[All] More pipeline breaks due to more plastic eating bacterium?
Louisette Lanteigne
butterflybluelu at rogers.com
Sun Jul 29 03:13:15 EDT 2012
Hi folks
I was talking to Norah about how the National Energy Board lacked evidence to support cancelling the Line 9 pipeline due mainly to the limited scope of the assessment. The pipe and it's installation was the scope, not the contents of the pipe or it's source, the tar sands. I was thinking if only we could limit arguments specifically to the structural issues of the pipe itself. I told my husband, that often times, the little things that create the biggest changes. Take whopping cough for example. The power of a tiny virus can do more damage than a bevy of bombs. If only we could find the virus to kill the Enbridge pipeline projects. That's when it dawned on me. The key to the change is to prove smallest of natural weaknesses. It was the same approach I used for the West Side Lands as inspired by writings of St. Theresa of Liseaux. I focused on little details of the poor studies re: Salamanders water and fish.

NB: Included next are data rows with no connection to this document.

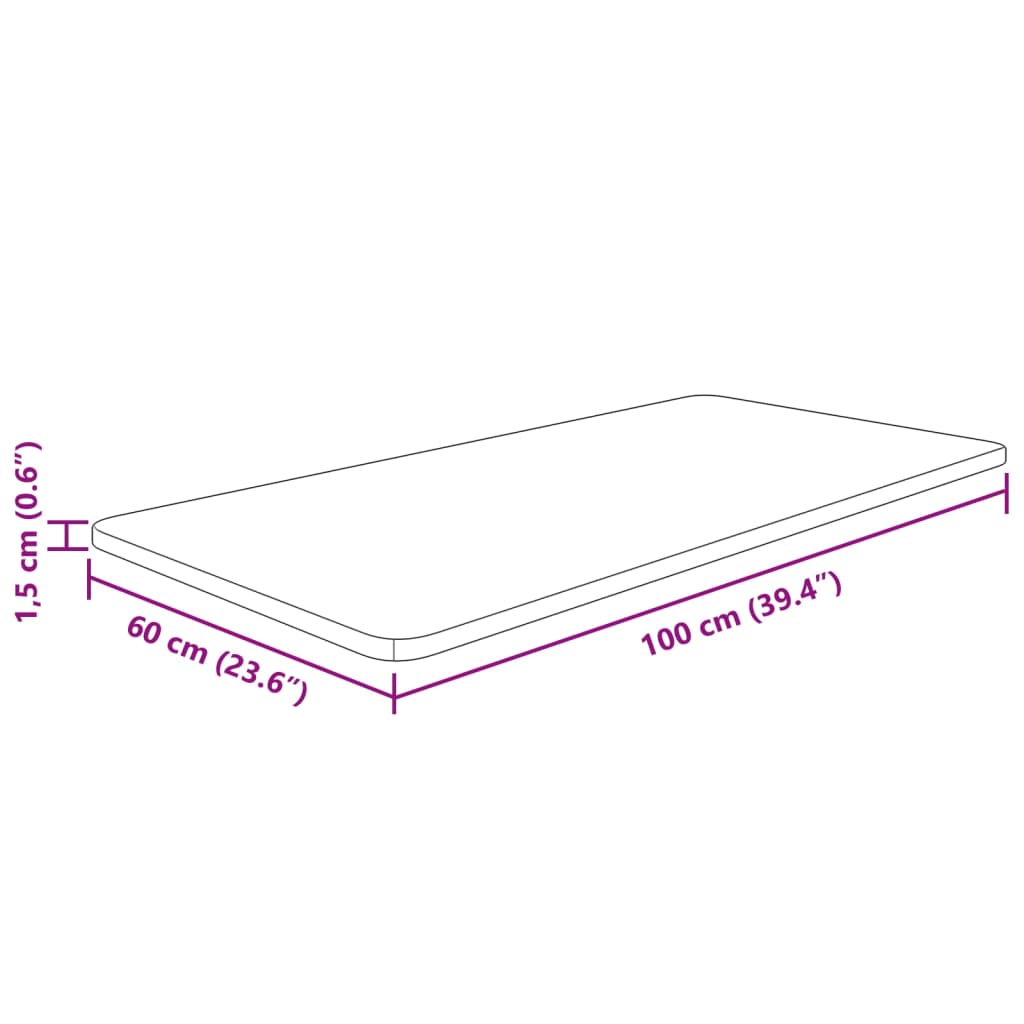 Bancada p/ WC 100x60x1,5 cm madeira tratada castanho-claro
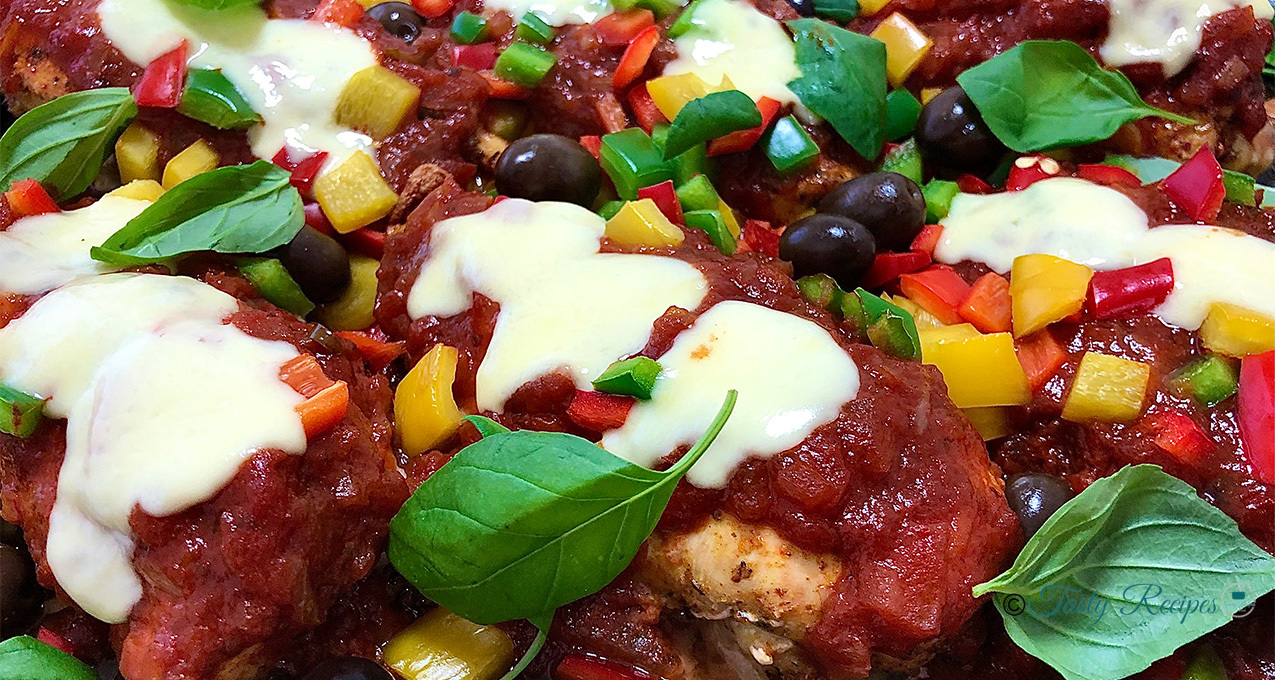pizza chicken tray bake recipe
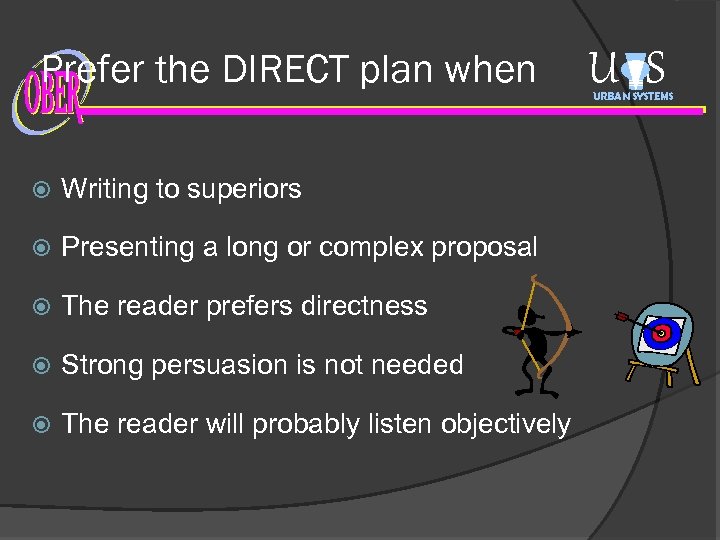 Prefer the DIRECT plan when Writing to superiors Presenting a long or complex proposal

I know that Enbridge uses Polyethylene Tape as the main way to prevent erosion in their pipes so when I started digging tonight I found out that in May 2008, 16 year old Canadian boy named Daniel Bird from Waterloo Collegiate Institute found and isolated two bacterium that literally eats plastic. He stored the enzymes at 37 degrees Celsius with plastic and in three months time, 40% of the mass was gone. Note: These enzymes occur IN SOIL AND IN WATER. It thrives off of NITRATES and ironically, Enbridge pipelines travel all across nitrate rich farmlands where pipes are breaking now. These enzymes thrive at 37 degree Celsius temperatures. I'm thinking hotter summers and warm winters may mean more bacterium and more breaks. Read about Daniel's study here:
http://blogs.discovermagazine.com/discoblog/2008/05/27/its-in-the-bag-teenager-wins-science-fair-solves-massive-environmental-problem/
I've just informed Bill McKibbon about this. I think this might be something worth investigating further. Just don't know where to go with this from here. Feel free to spread the word on this. If we can get data to prove the theory that the same PE materials used by Enbridge pipelines might be consumed by these enzymes, we might have a way to prevent pipeline leaks. Enbridge stated at the NEB if they can't move the oil safety, they won't move it. So let's hold them to that.